What you produce should match the records below precisely, except that images are removed.
*** Opening Records to use ***
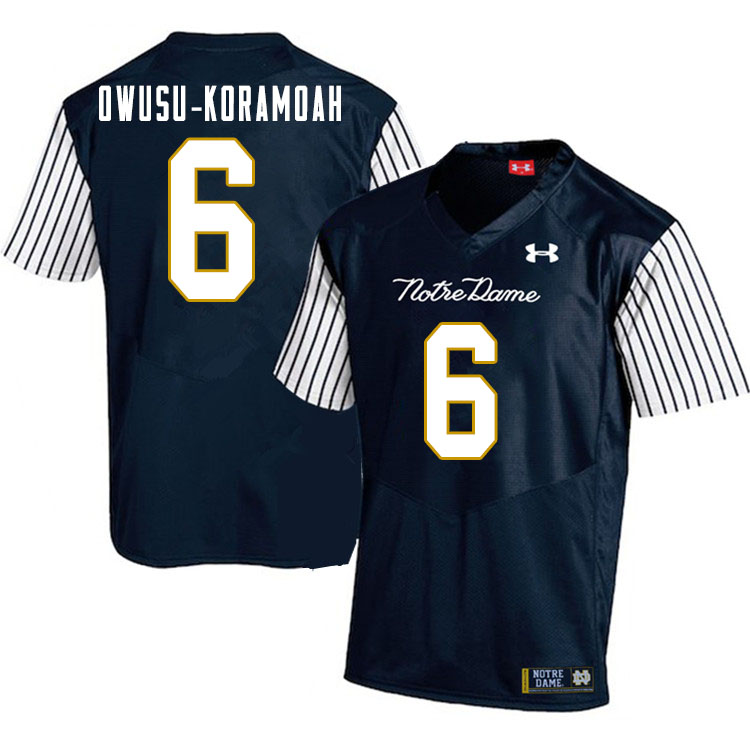 Men's NCAA Notre Dame Fighting Irish #6 Jeremiah Owusu-Koramoah Stitched College Under Armour Authentic Navy Alternate Football Jersey EA10O23NY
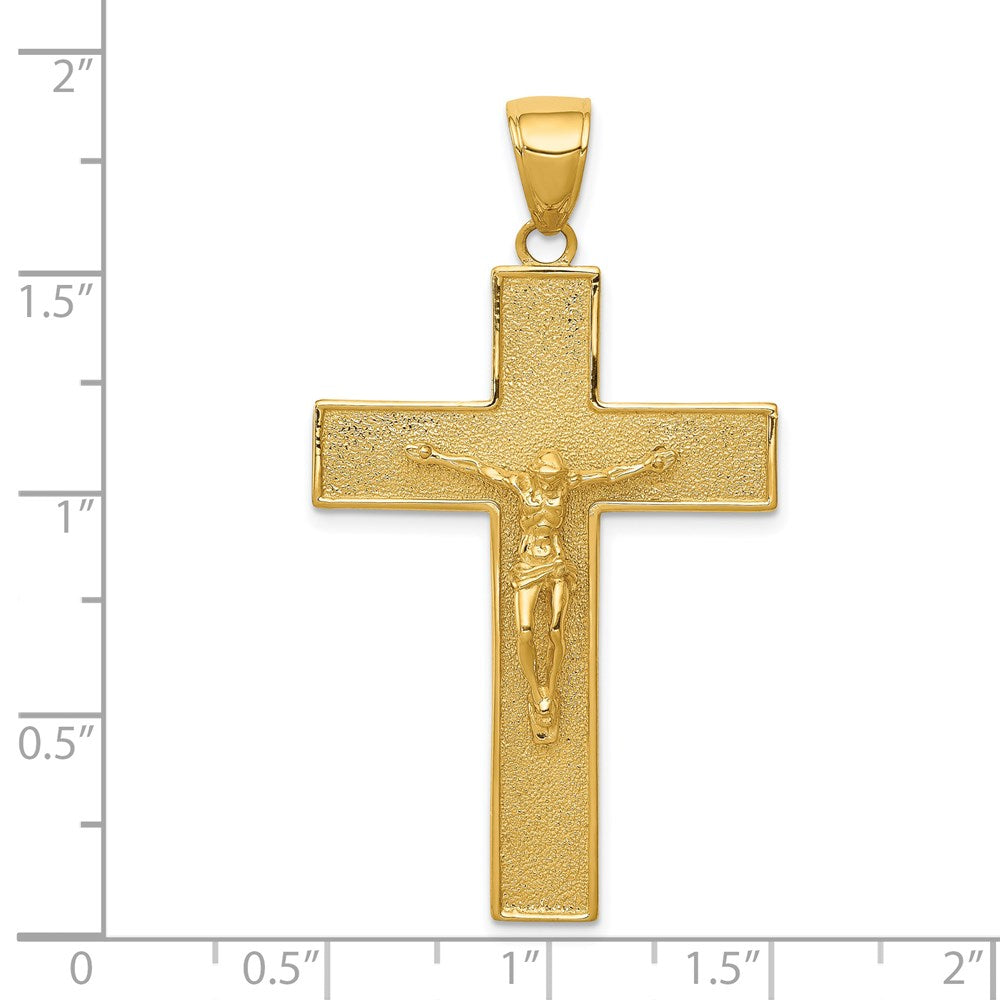 14K Textured Crucifix Latin Cross Pendant-C4353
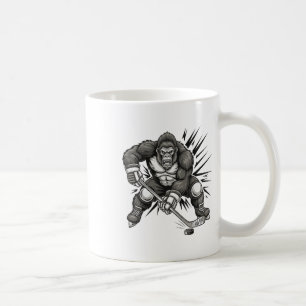 Bigfoot Player Playing Hockey Funny Sasquatch Ice  Coffee Mug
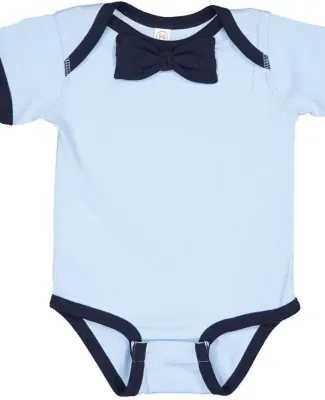 Rabbit Skins 4407 Baby Rib Infant Bow Tie Bodysuit LIGHT BLUE/ NAVY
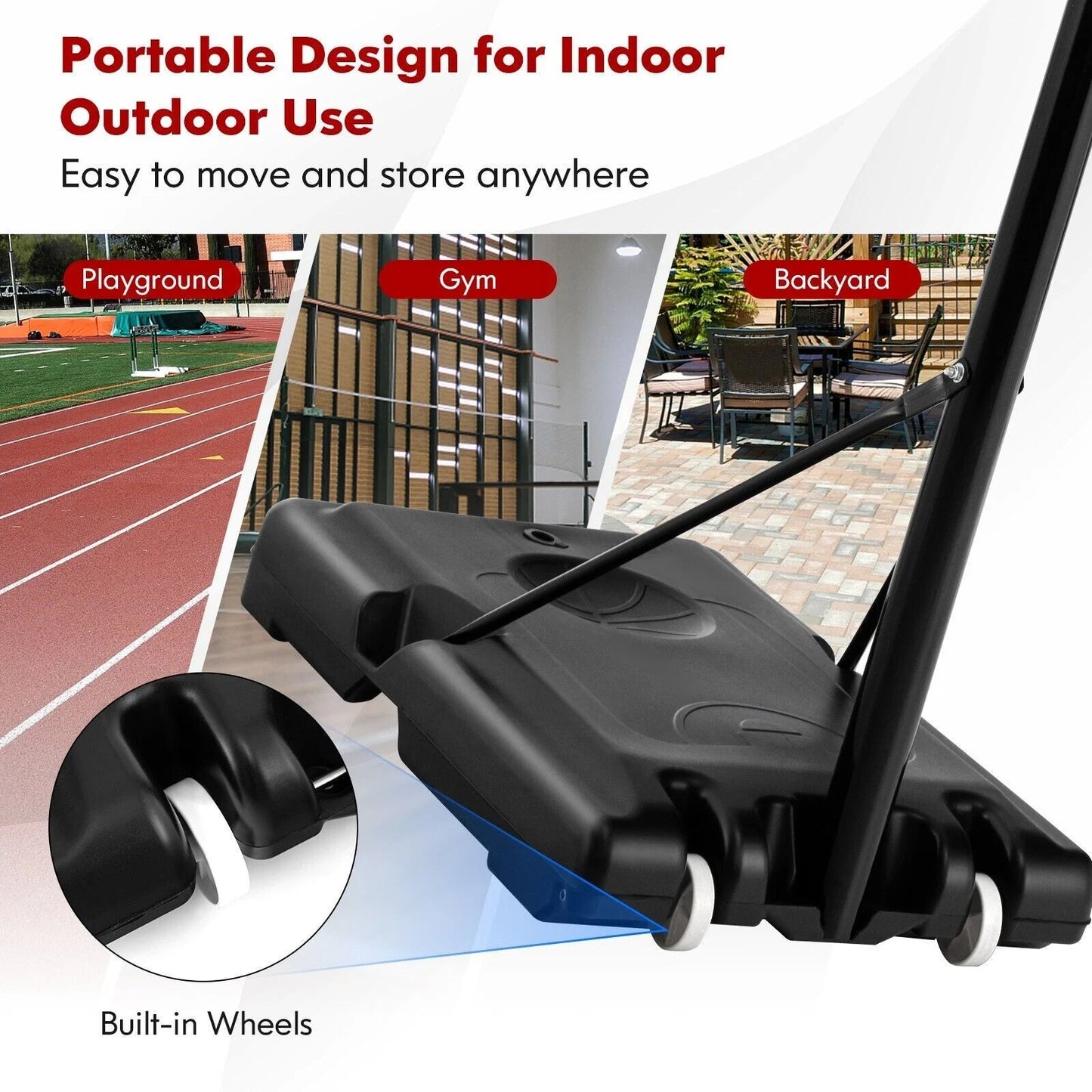 135-305Cm Adjustable Basketball Hoop System with 2 Nets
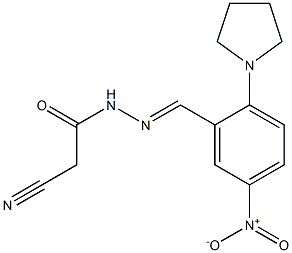 2-cyano-N'-[5-nitro-2-(1-pyrrolidinyl)benzylidene]acetohydrazide Struktur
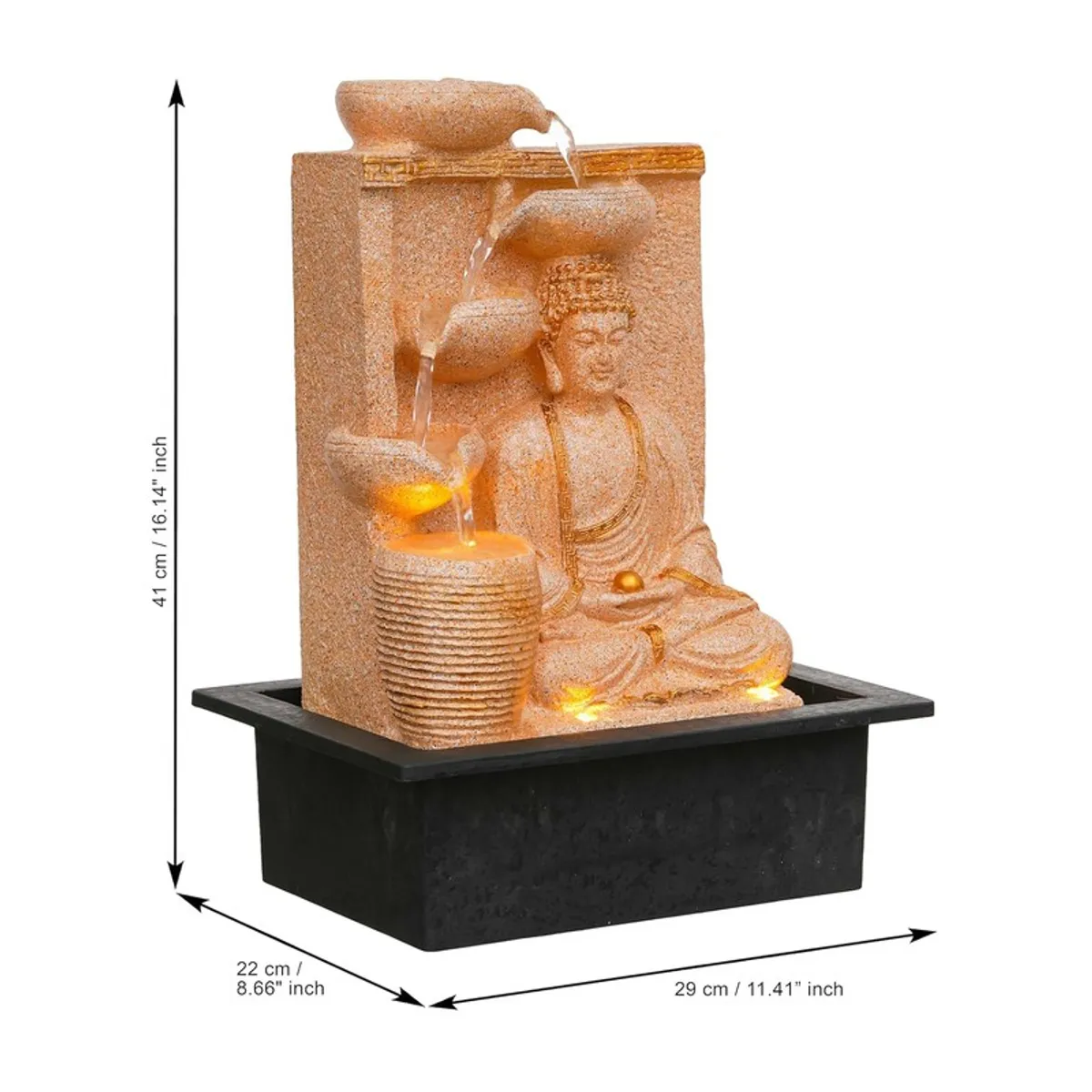 Angled product image of Buddha fountain with dimension arrows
*** Closing Records to use ***
* **Answer box**
 Men's NCAA Notre Dame Fighting Irish #6 Jeremiah Owusu-Koramoah Stitched College Under Armour Authentic Navy Alternate Football Jersey EA10O23NY
 14K Textured Crucifix Latin Cross Pendant-C4353
 Bigfoot Player Playing Hockey Funny Sasquatch Ice  Coffee Mug
 Rabbit Skins 4407 Baby Rib Infant Bow Tie Bodysuit LIGHT BLUE/ NAVY
 135-305Cm Adjustable Basketball Hoop System with 2 Nets
 2-cyano-N'-[5-nitro-2-(1-pyrrolidinyl)benzylidene]acetohydrazide Struktur
 Angled product image of Buddha fountain with dimension arrows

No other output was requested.